14. We welcome the strong emphasis on ensuring quality in health care education, and its development and relevance to meeting changing patient and service delivery needs. However, we are unsure from developments to date how the quality of education will be enhanced and assured (particularly when so many factors of reform are set to erode quality through the volatility and uncertainty that they are creating). Related to this, we are concerned that the central role that professional bodies have to play in enhancing and assuring the quality of health care education, including through providing strong leadership in curriculum development, is being ignored. At the same time, we are concerned that the proposed National Education & Training Outcomes Framework yet has a cohesive approach, and are uncertain about what its implementation will achieve, without modification, in strengthening quality.


15. We are also strongly concerned that the voice of AHPs will not be sufficiently heard within the new workforce planning and commissioning arrangements (including HEE and the LETBs) in ways that will impact negatively on the completeness and quality of decision-making.


16. There is a risk of increasing uncertainty and volatility in workforce planning as established (SHA) arrangements unravel before new arrangements are fully defined and implemented. This risks disjointed, partially-informed commissioning decisions being made that will compromise the quality and cost-effectiveness of patient care.

Roles/quality/funding protection and distribution

17. We recognise that different models for education for different professions have developed over time, with inevitable variations arising for a host of historical reasons. However, we see a strong value in achieving greater parity and equity in how professions, including the AHPs, are supported and funded, with this approach being extended to include the smaller health professions (eg the arts therapies) that are not currently funded through Multi-Professional Education & Training (MPET) monies, but that have established roles in many services. The new arrangements—which apparently have the principles of patient need, quality and “level playing field” at their centre—provide a prime opportunity to seek to achieve equity and parity.

December 2011


The Allied Health Professions Federation (AHPF) member organisations are:

The Society of Chiropodists and Podiatrists (SCP).

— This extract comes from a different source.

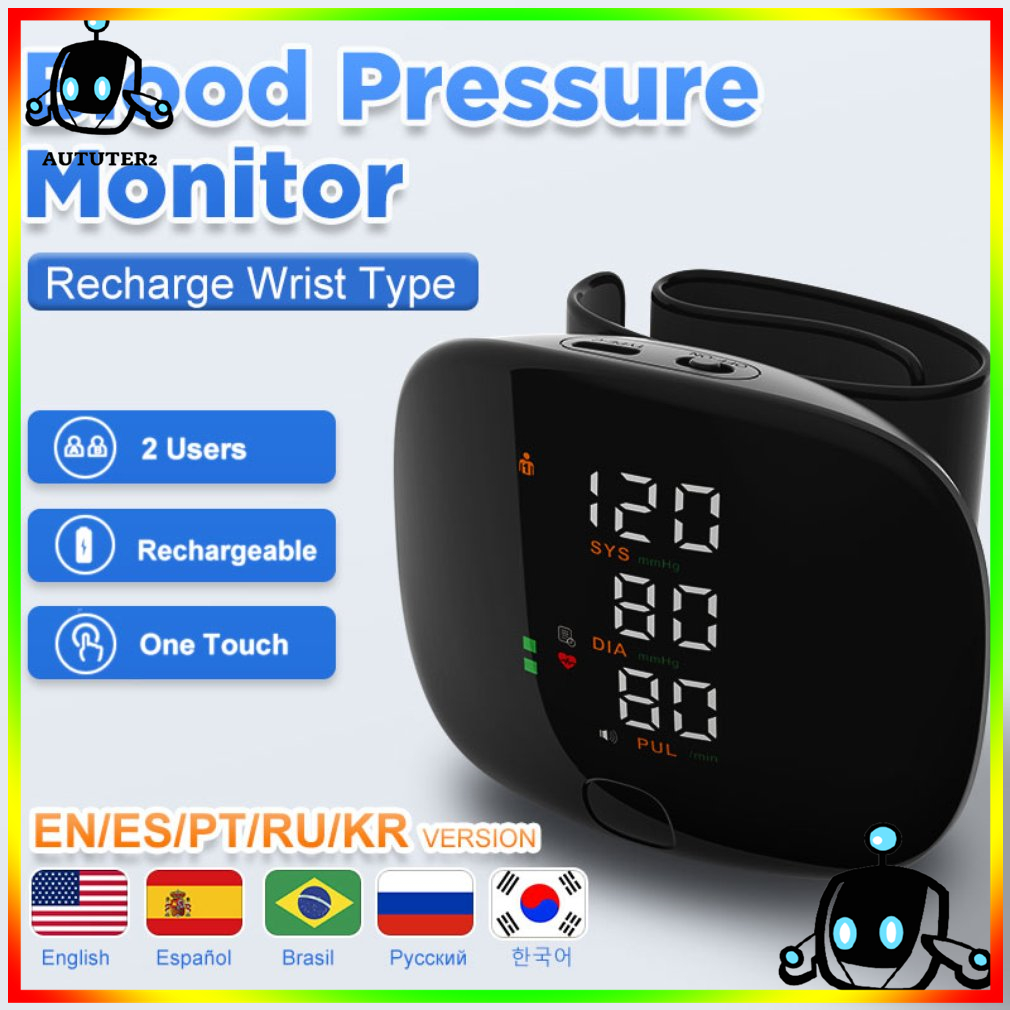 Monitor De Pressão Arterial De Pulso Digital De Voz Recarregável Dispositivo Tensiômetro Esfigmomanômetro 80 Armazenamento De Dados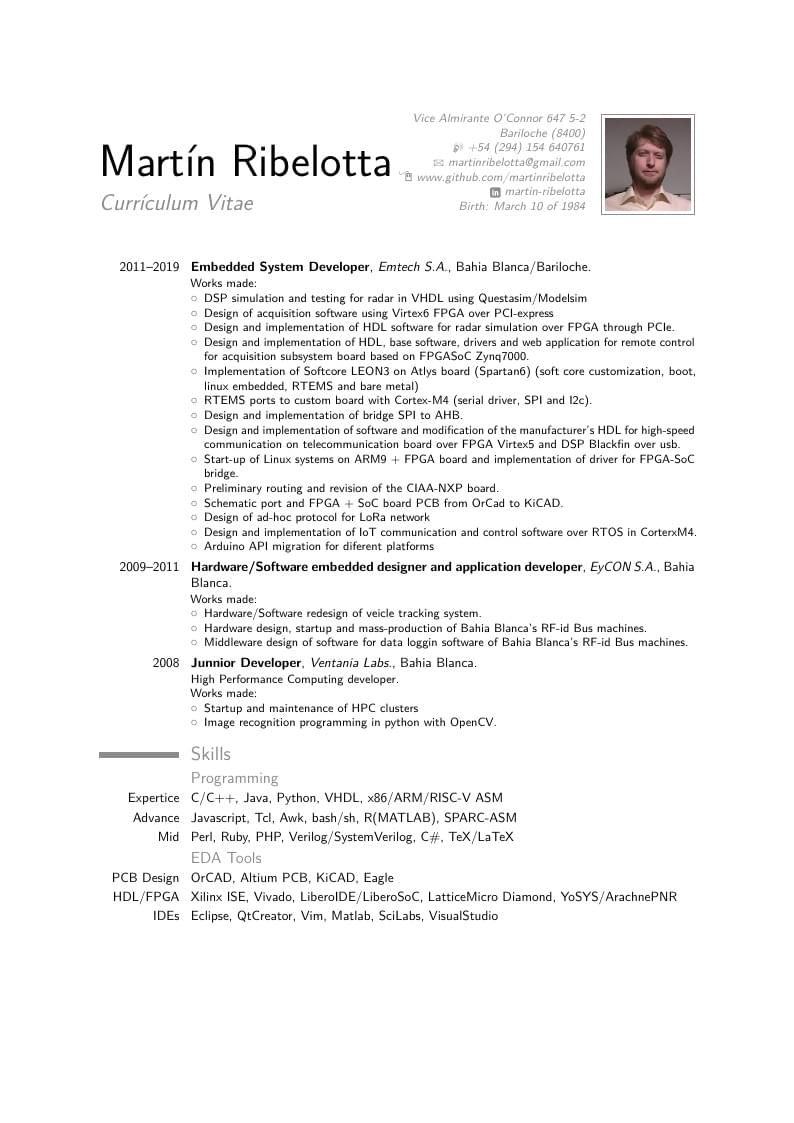 Martín Ribelotta's Curriculum Vitae in English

The Society and College of Radiography (SCoR).

The Royal College of Speech and Language Therapists (RCSLT).

The College of Paramedics (COP).

The Chartered Society of Physiotherapy (CSP).

The British Association of Occupational Therapists/College of Occupational Therapists (BAOT, COT).

The British and Irish Orthoptic Society (BIOS).

The British Association of Prosthetists and Orthotists (BAPO).

The British Dietetic Association (BDA).

The British Association of Drama Therapists (BADT).

The British Association of Art Therapists (BAAT).

The Association of Professional Music Therapists (APMT).